Exercise goal — For the records below, please print exactly and only the lines from the one with "544 Urbane Rd Ne - Photo 7 of 19" down to the one with "A Ruta Nacional", both ends included, omitting the pictures.

Record extracts —
= = =
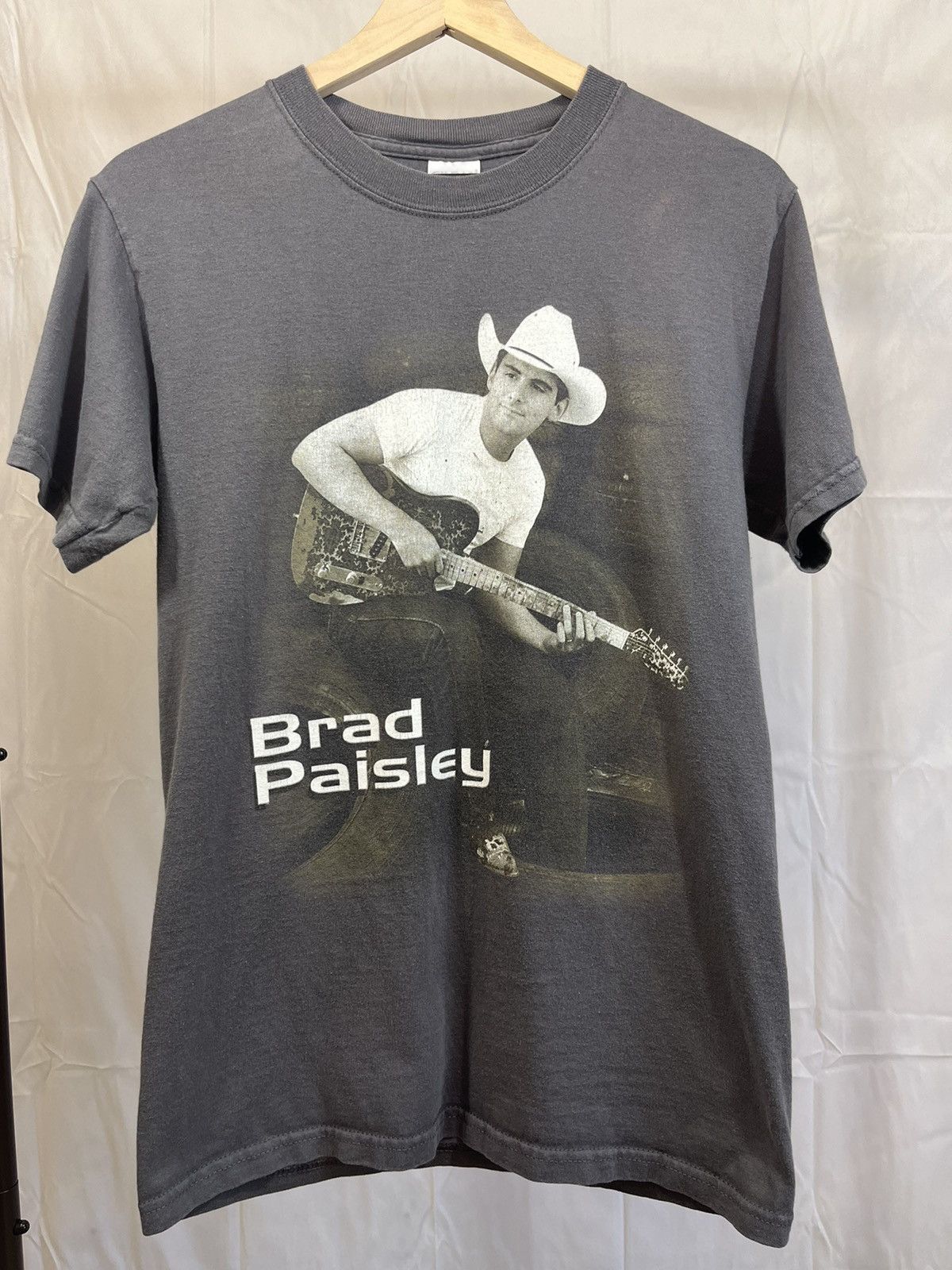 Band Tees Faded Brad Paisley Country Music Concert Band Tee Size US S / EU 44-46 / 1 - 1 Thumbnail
= = =
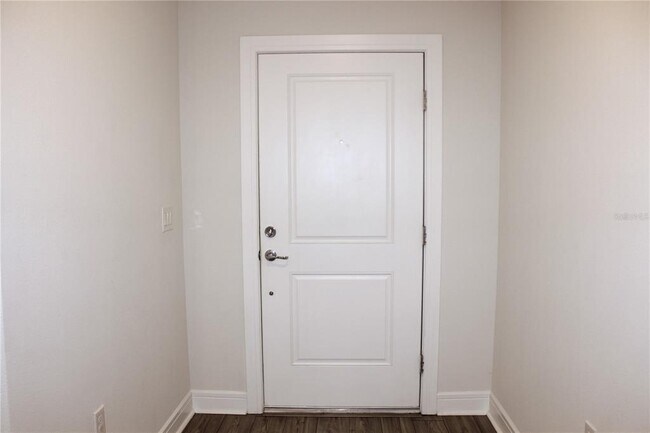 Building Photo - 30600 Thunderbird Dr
= = =
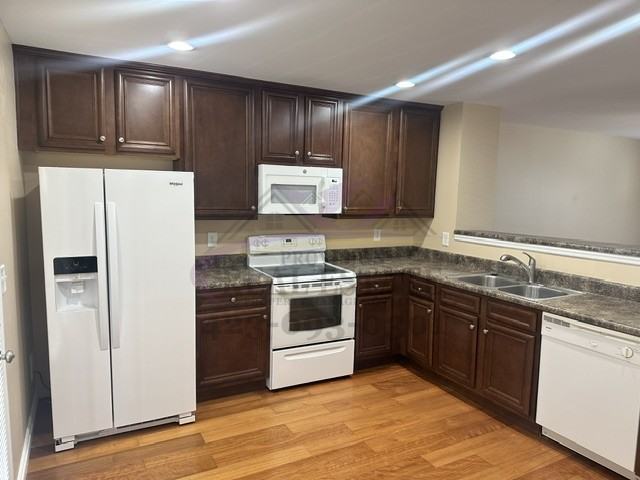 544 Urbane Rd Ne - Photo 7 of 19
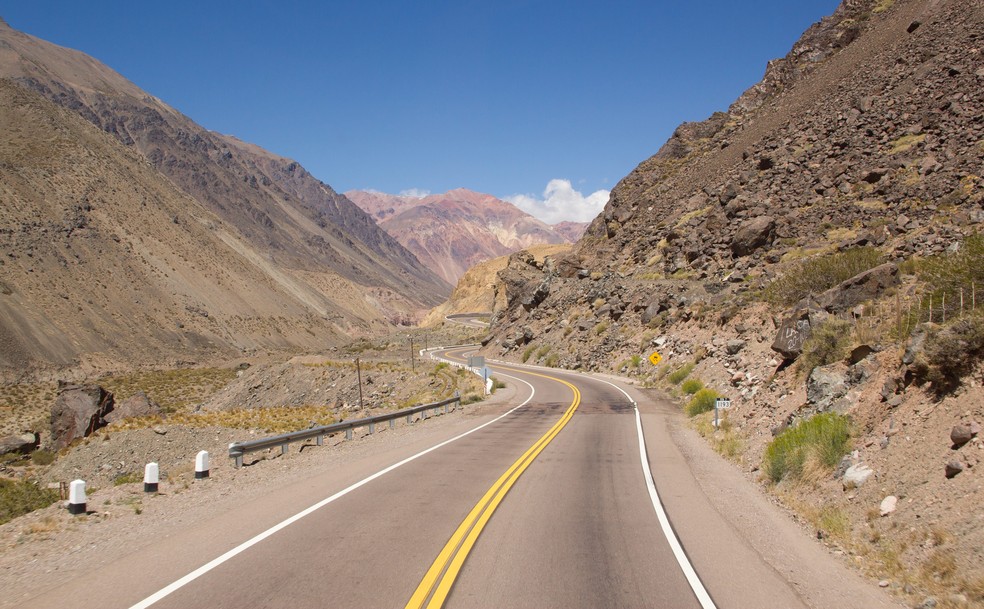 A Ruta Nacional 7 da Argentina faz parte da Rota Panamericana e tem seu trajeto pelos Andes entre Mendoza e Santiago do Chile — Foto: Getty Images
= = =
Result of the task —
 544 Urbane Rd Ne - Photo 7 of 19
 A Ruta Nacional 7 da Argentina faz parte da Rota Panamericana e tem seu trajeto pelos Andes entre Mendoza e Santiago do Chile — Foto: Getty Images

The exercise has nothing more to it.